My favourite statistic is that last autumn Lending Club reduced the number of data points it provided to lenders by 44.  AFAIK this number of data points is more than UK platforms generally provide in the first place.

It is interesting how often one doesn’t even get informed of the rate the borrower is paying.  You’d like to know – right?

If you can’t see the list of all the assets it all becomes a bit black-box like doesn’t it?

A bit like a marketplace where everything is under the counter and unseen until you buy it…

Hmmm…

6) Cherry Picking

Whenever I think about the above point re very little data I always wonder how the funds that invest in P2P assets manage to add all the value they, like all fund managers, claim to add in return for their fees.

Do retail investors choose assets at the same time as institutions?

Or do institutions get first bite at the cherry?

Do institutions get superior information to Joe Public?

Interesting questions?

Are there standards across the industry or does your favourite platform treat the institutional investor better or pari passu with the punters? I think we know it won’t treat them worse ;-)

7) Legal Debt

Many of the above issues have legal angles.

The law is a funny thing.  Makes a lot of money for lawyers so they don’t mind.

But it’s only when something has been tried and tested in the courts that you know whether that expensive document you have was worth what you paid for it.

Right now P2P has a whole variety of highly important structures. And from what I hear there is rather more than a splash of “Legal Debt” in P2P.

For example around provision funds – boards, trusts, arms-length, semi-arms-length, connected. And what about investment guidelines? (an absolutely non-trivial issue I can assure you).

For example around platform collapse.  Having seen firms collapse things like “who has the key to the safe”, “the passwords” etc etc become of immense practical importance to (as they do in disaster recovery – which can be all too closely allied to legal risk).

This is probably one of the loosest nuts and bolts on the whole P2P show. 

Partly because it hasn’t had many test cases. 

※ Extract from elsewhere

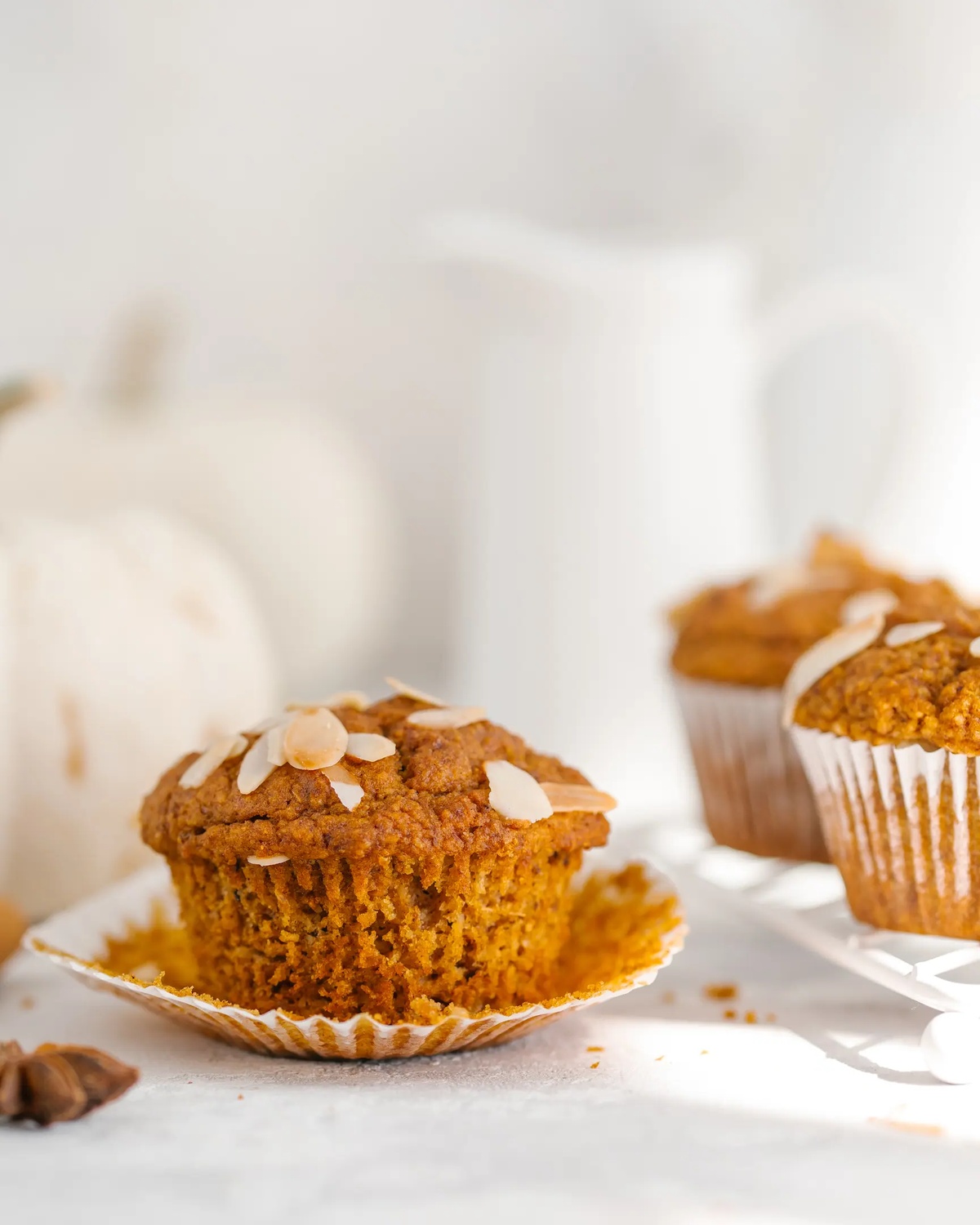 Kürbis Muffins - das beliebte Dessert der Kinder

But also as, if one is a startup that grows fast, it’s one of those many lags – tech debt, risk debt, legal debt, etc – that end up needing paying off sooner or later.

One way or another.

8) Cyber Risk, Fraud et al

Talking of disasters…

Cyber crime is of course a huge issue affecting all businesses right now.  And all businesses do something about it (we hope).

But if the Chairman of HSBC says its one of the major risks a bank, of their size, with their resources, faces then you can be sure it’s a challenge for anyone.

If you haven’t read it I recommend “Anthony Hilton: Government must help fight the cyber threat”.

As is fraud (Citigroup recently got stung with a biggie – and again they have a lot of resources).

Would you be really surprised if you read tomorrow that a platform has had a huge hit in this area?

I can think of one P2P (but not any/many more?) that insures against this risk. 

That makes a lot of sense to me as this kind of risk can only be borne with huge market capacity.  I personally know FS firms – from scaleups to listed - that have been sunk or holed below the waterline by fraud let alone the new frontier of cyber.

If You Don’t Pull All Risk Debt Into One Place It Will Slip Through The Cracks

Enough to keep y’all going?

Which of these do you think is key?

Which biggies do you think I have missed out?

To recap a point I made in the parent article… One or two folks wondered what “other risks” there are other than credit and compliance.

Well I have discussed eight above but the list is limitless – businesses can go wrong in so many ways - operational, reputational, performance, strategy, business model, audit, growth (too fast/too slow), disaster recovery, fraud, cyber-crime, etc etc etc and all those items that fall between these “square floor tiles on an uneven floor”. 

P2Ps need a process for ongoing capture, tracking, and management of all risks that might derail them and their lenders/investors.

Having been in FS before CROs existed I have lived and breathed a world where there is no-one whose sole task it is to keep track of everything firmwide that can derail the firm.

De facto the CEO does that.  But in FS there are so many moving parts he doesn’t really have the time along with all the many other responsibilities.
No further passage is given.